Por lo general, hago esto buscando en la detailscolumna de Wireshark algo que me parezca familiar, haciendo clic derecho en ese paquete y seleccionando Follow TCP Stream. Eso está muy bien, pero ¿cómo puedo encontrar el mismo flujo equivalente en la otra captura de paquetes? ¿WireShark admite la búsqueda de algún tipo de ID de transmisión?
Respuesta1
Estadísticas y Conversaciones parecen muy similares a lo que desea, allí puede hacer "Aplicar como filtro" a las transmisiones allí.
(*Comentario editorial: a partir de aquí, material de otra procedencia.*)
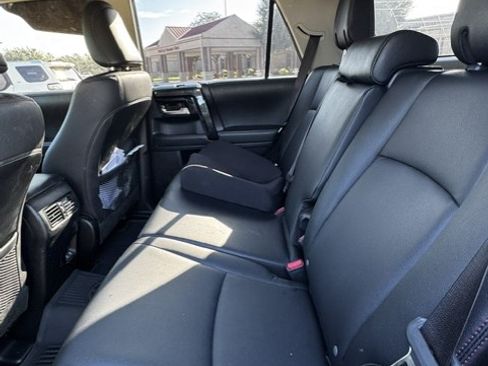 Used 2022 Toyota 4Runner TRD Off-Road Premium AWD/4WD image 20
Si conoce el número de índice de la transmisión, puede ingresar el filtro:tcp.stream eq 5
Deberías consultar Ask.wireshark.org donde encontré:
Respuesta2
Suponiendo que esté utilizando TCP, el puerto de origen suele ser lo suficientemente único como para realizar un seguimiento en períodos conocidos. Cargaría la primera captura en Wireshark y luego iría a File -> Mergepara que ambos extremos del seguimiento aparezcan uno al lado del otro. Asegúrese de que esté seleccionado "Fusionar paquetes cronológicamente".
Luego busque uno de los paquetes que parezca interesante. Dependiendo de la dirección, el puerto de origen único o el puerto de destino probablemente estará entre 49152 y 65535.
Luego, en el cuadro de filtro de la pantalla principal, escriba tcp.port == 49152, donde 49152 es su puerto único.